Background: Recent reports from prospective clinical trials of R-containing chemotherapy in DLBCL patients suggest that gender, weight and/or BMI influence clinical outcomes. Pharmacokinetic studies by the German High Grade Lymphoma Study Group have shown that R clearance is relatively slow in elderly women compared to men, leading to higher levels and prolonged exposure and hence better clinical outcomes in elderly females. Specifically, it has been suggested that elderly men are underdosed, based on faster R clearance (Muller et al., 2012; Pfreundschuh et al., 2014). Regarding BMI as a predictor of clinical outcome, analysis of the US Veterans Administrative database showed an association between increased BMI and improved survival in DLBCL patients (Carson et al., 2012), while the ECOG clinical trial (E4494) for elderly DLBCL patients failed to reveal a significant association of BMI with clinical outcomes, or a gender difference related to BMI in failure-free survival (Hong et al., 2014). To further investigate these associations, we studied the effect of gender, BMI as well as body surface area (BSA, the actual dosing parameter), and potential interactions among these factors on long-term clinical outcomes for elderly DLBCL patients in the National Comprehensive Cancer Network (NCCN) non-Hodgkin lymphoma database.

Methods:De novo DLBCL patients with age > 60 yrs. were identified from the NCCN adult DLBCL cohort. Patients were diagnosed between June 2000 and December 2010. All received R as part of first-line therapy. Outcomes evaluated included progression free survival (PFS) and overall survival (OS) at 3 years based on patient gender, age and BMI/ BSA at presentation. Gender was stratified based on BMI (<=18.5, >18.5-25, >25) or BSA (<=2, >2), and Kaplan-Meier estimates were calculated. Associations with disease progression and survival were additionally adjusted for the International Prognostic Index (IPI) in the multivariable Cox regression analyses.
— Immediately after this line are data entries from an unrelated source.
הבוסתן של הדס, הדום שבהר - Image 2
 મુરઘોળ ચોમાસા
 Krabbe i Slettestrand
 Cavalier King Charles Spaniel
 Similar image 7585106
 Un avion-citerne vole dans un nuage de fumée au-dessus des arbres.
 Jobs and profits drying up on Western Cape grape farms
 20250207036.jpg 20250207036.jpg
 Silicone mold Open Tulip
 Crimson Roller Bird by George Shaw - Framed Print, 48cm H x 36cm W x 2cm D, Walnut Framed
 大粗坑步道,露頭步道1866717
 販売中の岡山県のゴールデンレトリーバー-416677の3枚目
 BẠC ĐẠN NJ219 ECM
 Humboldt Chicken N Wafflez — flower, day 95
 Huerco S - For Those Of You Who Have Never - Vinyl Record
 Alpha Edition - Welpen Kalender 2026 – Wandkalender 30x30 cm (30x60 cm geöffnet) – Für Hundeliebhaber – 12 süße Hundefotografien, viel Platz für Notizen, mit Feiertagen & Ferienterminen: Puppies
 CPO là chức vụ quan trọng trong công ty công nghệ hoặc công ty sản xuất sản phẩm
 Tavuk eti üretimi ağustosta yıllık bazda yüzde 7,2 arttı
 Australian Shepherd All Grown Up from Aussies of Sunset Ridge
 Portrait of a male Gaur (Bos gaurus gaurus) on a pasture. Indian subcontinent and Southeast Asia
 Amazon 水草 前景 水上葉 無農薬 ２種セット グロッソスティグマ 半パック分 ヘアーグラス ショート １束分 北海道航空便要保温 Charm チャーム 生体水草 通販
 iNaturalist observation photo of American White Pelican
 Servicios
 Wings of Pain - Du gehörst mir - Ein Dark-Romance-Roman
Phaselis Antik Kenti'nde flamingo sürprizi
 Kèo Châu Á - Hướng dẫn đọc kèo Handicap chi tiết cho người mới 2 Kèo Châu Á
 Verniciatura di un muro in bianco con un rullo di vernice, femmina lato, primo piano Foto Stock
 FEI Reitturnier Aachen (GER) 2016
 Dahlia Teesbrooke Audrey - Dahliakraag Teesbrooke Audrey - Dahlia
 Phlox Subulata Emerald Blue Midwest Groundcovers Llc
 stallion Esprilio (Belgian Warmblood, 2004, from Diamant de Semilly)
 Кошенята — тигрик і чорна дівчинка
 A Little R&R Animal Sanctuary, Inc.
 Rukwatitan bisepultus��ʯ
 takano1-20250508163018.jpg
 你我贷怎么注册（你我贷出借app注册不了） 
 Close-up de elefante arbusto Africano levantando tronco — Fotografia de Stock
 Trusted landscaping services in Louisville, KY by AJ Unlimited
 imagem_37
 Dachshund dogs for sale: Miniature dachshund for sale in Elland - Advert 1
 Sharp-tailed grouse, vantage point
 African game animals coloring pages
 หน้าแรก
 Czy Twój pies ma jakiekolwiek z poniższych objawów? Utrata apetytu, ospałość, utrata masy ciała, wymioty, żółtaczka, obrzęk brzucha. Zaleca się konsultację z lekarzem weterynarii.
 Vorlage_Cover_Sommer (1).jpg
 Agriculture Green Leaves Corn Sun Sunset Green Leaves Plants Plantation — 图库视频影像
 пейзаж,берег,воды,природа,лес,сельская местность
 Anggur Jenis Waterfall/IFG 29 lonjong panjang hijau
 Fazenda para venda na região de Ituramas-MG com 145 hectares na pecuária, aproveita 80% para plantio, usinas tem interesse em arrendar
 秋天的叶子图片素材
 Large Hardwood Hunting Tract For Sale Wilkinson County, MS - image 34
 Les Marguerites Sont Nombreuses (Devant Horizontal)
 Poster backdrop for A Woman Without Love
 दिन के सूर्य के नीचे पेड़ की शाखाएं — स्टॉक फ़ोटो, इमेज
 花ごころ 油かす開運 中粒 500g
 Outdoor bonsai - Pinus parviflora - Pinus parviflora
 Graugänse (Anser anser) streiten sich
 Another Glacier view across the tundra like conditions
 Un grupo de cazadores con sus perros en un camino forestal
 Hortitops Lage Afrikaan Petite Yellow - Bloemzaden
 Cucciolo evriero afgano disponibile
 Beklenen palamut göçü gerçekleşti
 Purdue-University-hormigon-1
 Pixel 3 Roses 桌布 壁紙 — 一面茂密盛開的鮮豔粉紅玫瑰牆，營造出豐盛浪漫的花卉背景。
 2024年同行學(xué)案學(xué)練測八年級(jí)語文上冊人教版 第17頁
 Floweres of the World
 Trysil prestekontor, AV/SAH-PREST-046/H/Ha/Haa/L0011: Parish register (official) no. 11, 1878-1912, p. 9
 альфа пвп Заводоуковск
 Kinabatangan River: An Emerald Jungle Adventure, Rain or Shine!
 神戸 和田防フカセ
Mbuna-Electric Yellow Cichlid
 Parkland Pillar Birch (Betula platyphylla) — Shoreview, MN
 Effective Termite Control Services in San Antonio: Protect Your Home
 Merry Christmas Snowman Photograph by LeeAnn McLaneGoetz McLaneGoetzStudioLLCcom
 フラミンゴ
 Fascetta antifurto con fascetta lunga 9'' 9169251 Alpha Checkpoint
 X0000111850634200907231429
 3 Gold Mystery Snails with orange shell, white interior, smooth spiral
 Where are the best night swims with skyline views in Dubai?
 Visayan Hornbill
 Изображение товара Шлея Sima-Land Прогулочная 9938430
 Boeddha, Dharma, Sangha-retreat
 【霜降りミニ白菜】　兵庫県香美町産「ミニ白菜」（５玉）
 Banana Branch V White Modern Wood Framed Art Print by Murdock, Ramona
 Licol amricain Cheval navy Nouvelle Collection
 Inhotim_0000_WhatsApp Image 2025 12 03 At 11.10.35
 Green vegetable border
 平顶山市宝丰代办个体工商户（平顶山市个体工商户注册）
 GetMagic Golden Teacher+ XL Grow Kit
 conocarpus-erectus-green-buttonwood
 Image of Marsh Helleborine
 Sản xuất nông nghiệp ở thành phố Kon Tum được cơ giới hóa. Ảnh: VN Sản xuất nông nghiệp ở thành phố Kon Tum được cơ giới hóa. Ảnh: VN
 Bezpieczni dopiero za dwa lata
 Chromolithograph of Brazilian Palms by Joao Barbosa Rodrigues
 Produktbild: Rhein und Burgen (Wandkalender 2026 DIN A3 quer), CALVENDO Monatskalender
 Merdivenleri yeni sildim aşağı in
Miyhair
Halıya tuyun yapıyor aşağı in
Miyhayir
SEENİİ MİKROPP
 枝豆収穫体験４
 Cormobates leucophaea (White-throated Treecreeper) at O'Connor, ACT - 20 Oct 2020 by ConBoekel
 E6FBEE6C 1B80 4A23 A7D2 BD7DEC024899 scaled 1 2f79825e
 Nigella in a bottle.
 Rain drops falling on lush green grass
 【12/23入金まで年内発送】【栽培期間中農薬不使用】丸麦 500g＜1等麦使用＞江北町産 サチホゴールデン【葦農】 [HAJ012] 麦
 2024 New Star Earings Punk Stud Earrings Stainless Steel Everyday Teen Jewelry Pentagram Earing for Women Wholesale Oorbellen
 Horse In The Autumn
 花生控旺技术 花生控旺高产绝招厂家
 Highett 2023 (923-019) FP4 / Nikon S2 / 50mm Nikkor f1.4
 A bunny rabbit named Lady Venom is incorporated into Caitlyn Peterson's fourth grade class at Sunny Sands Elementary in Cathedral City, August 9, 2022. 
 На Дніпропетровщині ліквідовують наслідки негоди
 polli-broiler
Results: Of the 1,386 DLBCL patients who received R, 627 were elderly with age >60 yrs. The majority of elderly men were either overweight or large: only 13% had BMI <=25 and only 26% had BSA <=2. Elderly men (n=325, 52%) experienced worse PFS (3 yr-Hazard Ratio, HR 1.5, 95% CI: 1.1-2.1, p=0.02) and OS (3 yr-HR 1.6, 1.1-2.4, p=0.01) compared to elderly women. Of note, the poor risk associated with male gender was associated with patients over 60, but not the younger cohort (3 yr-PFS, HR 1.3, 0.9-1.9, p=0.12). The benefit associated with female gender in the elderly cohort decreased with increases in BMI and BSA (Figure). There was a benefit associated with female gender when compared to male gender in the BMI (<=25) (log rank, p<0.01) and BSA <=2 (p=0.04) strata, but not among patients with high BMI (>25) or BSA (>2). In multivariable analysis, low or normal BMI as compared to high BMI was independently associated with poor outcomes (3-yr PFS, HR: 1.6, 1.1-2.2, p<0.01) after adjusting for gender. There was a trend suggesting that BSA <=2 correlated with worse 3-yr PFS in the elderly group adjusting for gender (3 yr-HR 1.4, 0.9-2.0, p=0.12). The HR estimates remained largely unchanged after adjusting for IPI. Notably, higher BMI was not associated with more favorable prognostic clinical factors.

Conclusions: Our results, derived from analysis of unselected patients with DLBCL treated with R-containing chemotherapy at major NCCN centers, confirmed an age-dependent disadvantage to male gender in treatment outcomes. The magnitude of this negative effect diminished with higher levels of BMI and BSA, with the greatest negative impact occurring in elderly men with BMI <=25 or BSA <=2. Our findings support efforts to optimize R dosing, especially in the elderly male subset with BMI <=25 or BSA <=2. Future prospective trials should factor size and gender into the study design and analysis. Our results support the ongoing German randomized trial to evaluate enhanced rituximab dosing for older male patients.


No relevant conflicts of interest to declare.